Covered by leaves, a pair of doves
Coo to me their ecstasy; but I turn away,
Seek darker shadows,
And the lonely tear flows down.
When, O smiling vision, that shines through my soul
Like the red of dawn, shall I find you here on earth?
And the lonely tear
Quivers more ardently down my cheek.
Translations by Richard Stokes, author of The Book of Lieder (Faber, 2005)


----------



## Seattleoperafan (Mar 24, 2013)

I love this song and find myself singing the tune for days in my head after hearing it. It is more operatic in it's emotional range than many songs. I hope you don't mind but I love Brahms the way some of you love Verdi.
I have some really wonderful versions for you to judge. I had wanted to include Shirley Verrett but was not sure about the sound as it sounded full of static to me. If you feel strongly that you want her I can either eliminate Ludwig ( Norman is the other) or have 3 versions next time.
I think you will find this a gorgeous piece to listen to, whoever sings it!
Finally, why can't popular songs have such profound sentiments instead of always being about lost love!!!!!!!!!!!!!


----------



## Op.123 (Mar 25, 2013)

I had not heard this song before but after reading your comments went ahead and listened... to Sigrid Onegin.  Then I came back to the contest and did what I was supposed to do. I feel like I've heard Wunderlich to better advantage elsewhere, but Anderson sounded fabulous so went with her. The sound for Verrett has got a lot of hiss but is perfectly listenable so I wouldn't be too put off including it.


----------



## Seattleoperafan (Mar 24, 2013)

Op.123 said:


> I had not heard this song before but after reading your comments went ahead and listened... to Sigrid Onegin.  Then I came back to the contest and did what I was supposed to do. I feel like I've heard Wunderlich to better advantage elsewhere, but Anderson sounded fabulous so went with her. The sound for Verrett has got a lot of hiss but is perfectly listenable so I wouldn't be too put off including it.

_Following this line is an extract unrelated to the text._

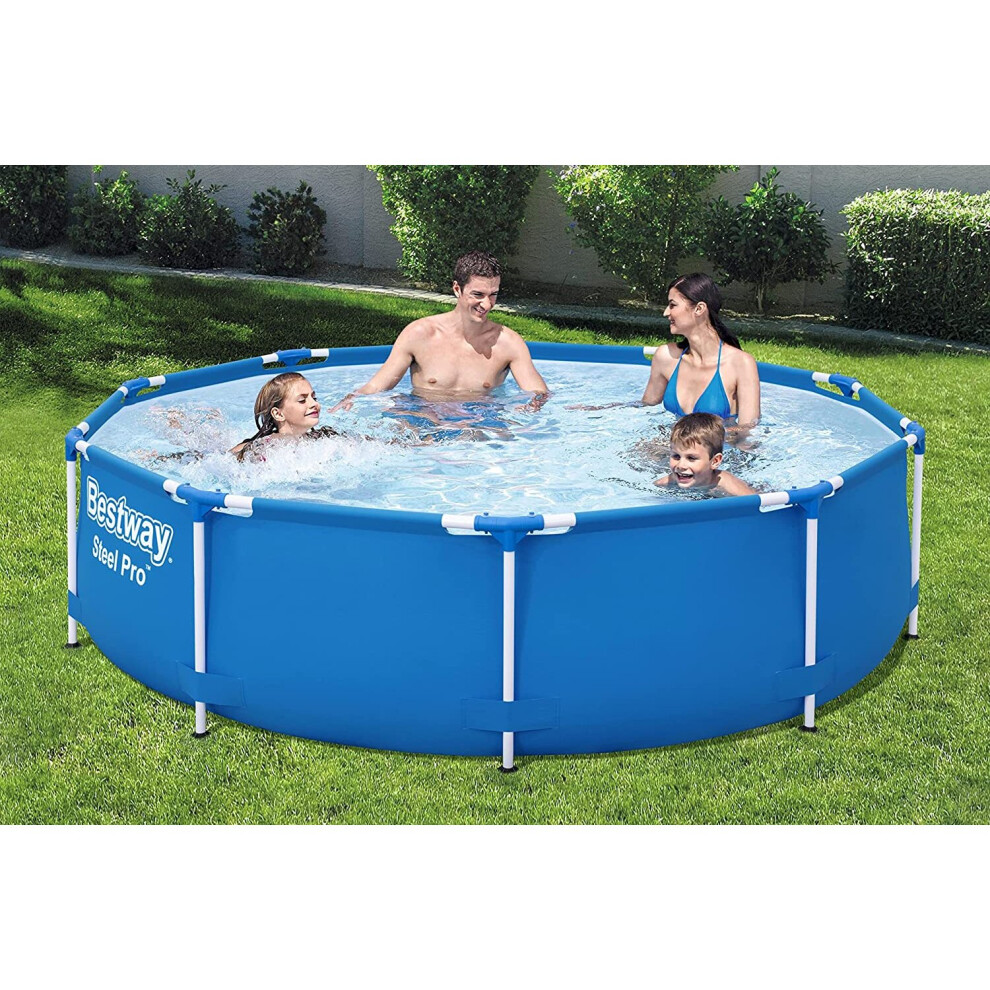 (10''X30'') 10|12ft BestWay Steel Pro Frame Swimming Pool Set Round Above Ground Filter Pump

She did not show up in my initial search. Sorry. If you feel strongly I could swap Onegin for Ludwig, who usually does well here. Norman is the one I know by heart.


----------



## Op.123 (Mar 25, 2013)

Seattleoperafan said:


> She did not show up in my initial search. Sorry. If you feel strongly I could swap Onegin for Ludwig, who usually does well here. Norman is the one I know by heart.


No it's fine, I wanted to hear the song before I listened to your picks and went on YT music to find one by a singer I knew I'd definitely enjoy.


----------



## Tsaraslondon (Nov 7, 2013)

I find it impossible to be objective about Wunderlich. The beauty of his voice completely disarms me. However I also feel that he engages more with the words than Anderson and I prefer his more restrained, less operatic approach to the song.

Incidentally I found a better transfer. The one above puts a sort of buzz on the voice.


----------



## ewilkros (8 mo ago)

Seattleoperafan said:


> "[Sigrid Onegin] did not show up in my initial search. Sorry. If you feel strongly I could swap Onegin for Ludwig, who usually does well here. Norman is the one I know by heart.


Go extra innings, and include Alexander Kipnis while you're at it!


----------



## ScottK (Dec 23, 2021)

Lovely though it is, the song did not grab me and I found it more an opportunity to hear two magnificent voices. This recording did not capture all of the magic of the Wunderlich sound but Anderson's glory was abundantly on display!


----------



## MAS (Apr 15, 2015)

I was mesmerized by Wunderlich’s _mezza voce_; Anderson seems more ordinary - she often sings more neutrally than I prefer.


----------



## Seattleoperafan (Mar 24, 2013)

MAS said:


> I was mesmerized by Wunderlich’s _mezza voce_; Anderson seems more ordinary - she often sings more neutrally than I prefer.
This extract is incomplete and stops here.